[Data extracted from a collection]
_ _ _ _ _

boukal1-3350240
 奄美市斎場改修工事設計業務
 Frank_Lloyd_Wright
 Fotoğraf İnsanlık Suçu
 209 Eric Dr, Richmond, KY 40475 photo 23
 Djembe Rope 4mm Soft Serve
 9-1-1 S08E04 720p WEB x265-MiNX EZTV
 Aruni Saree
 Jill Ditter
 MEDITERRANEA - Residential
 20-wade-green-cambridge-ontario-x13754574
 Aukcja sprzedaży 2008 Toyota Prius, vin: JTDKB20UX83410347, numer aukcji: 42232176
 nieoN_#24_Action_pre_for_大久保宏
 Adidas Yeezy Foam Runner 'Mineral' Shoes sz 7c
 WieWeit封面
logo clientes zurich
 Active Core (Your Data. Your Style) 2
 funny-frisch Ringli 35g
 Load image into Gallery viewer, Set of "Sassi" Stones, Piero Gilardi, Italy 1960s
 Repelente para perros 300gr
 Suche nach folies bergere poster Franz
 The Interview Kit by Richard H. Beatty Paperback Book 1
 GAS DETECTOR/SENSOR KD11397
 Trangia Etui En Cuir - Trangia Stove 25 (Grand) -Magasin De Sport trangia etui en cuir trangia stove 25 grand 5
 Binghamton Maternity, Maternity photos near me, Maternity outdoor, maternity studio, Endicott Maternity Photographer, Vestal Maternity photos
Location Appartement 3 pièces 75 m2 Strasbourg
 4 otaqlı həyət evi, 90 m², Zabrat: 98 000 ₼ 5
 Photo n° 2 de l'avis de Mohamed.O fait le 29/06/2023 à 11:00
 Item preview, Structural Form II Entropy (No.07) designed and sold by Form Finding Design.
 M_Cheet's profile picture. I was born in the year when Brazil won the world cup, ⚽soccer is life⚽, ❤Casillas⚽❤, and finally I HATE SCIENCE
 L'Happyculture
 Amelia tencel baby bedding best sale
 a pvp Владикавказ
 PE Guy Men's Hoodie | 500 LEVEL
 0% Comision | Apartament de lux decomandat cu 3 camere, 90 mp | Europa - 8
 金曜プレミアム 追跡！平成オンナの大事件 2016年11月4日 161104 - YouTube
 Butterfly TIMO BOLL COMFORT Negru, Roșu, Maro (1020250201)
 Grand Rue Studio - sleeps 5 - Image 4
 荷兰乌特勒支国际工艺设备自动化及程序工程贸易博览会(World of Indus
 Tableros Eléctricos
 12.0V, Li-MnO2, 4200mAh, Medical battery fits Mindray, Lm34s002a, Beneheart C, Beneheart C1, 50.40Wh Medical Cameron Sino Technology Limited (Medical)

_ _ _ _ _

**Exercise description**.
Beginning with the first line above, could you copy every line exactly, up to and including the one with "Aukcja sprzedaży 2008"?

**Result of the exercise**.
boukal1-3350240
 奄美市斎場改修工事設計業務
 Frank_Lloyd_Wright
 Fotoğraf İnsanlık Suçu
 209 Eric Dr, Richmond, KY 40475 photo 23
 Djembe Rope 4mm Soft Serve
 9-1-1 S08E04 720p WEB x265-MiNX EZTV
 Aruni Saree
 Jill Ditter
 MEDITERRANEA - Residential
 20-wade-green-cambridge-ontario-x13754574
 Aukcja sprzedaży 2008 Toyota Prius, vin: JTDKB20UX83410347, numer aukcji: 42232176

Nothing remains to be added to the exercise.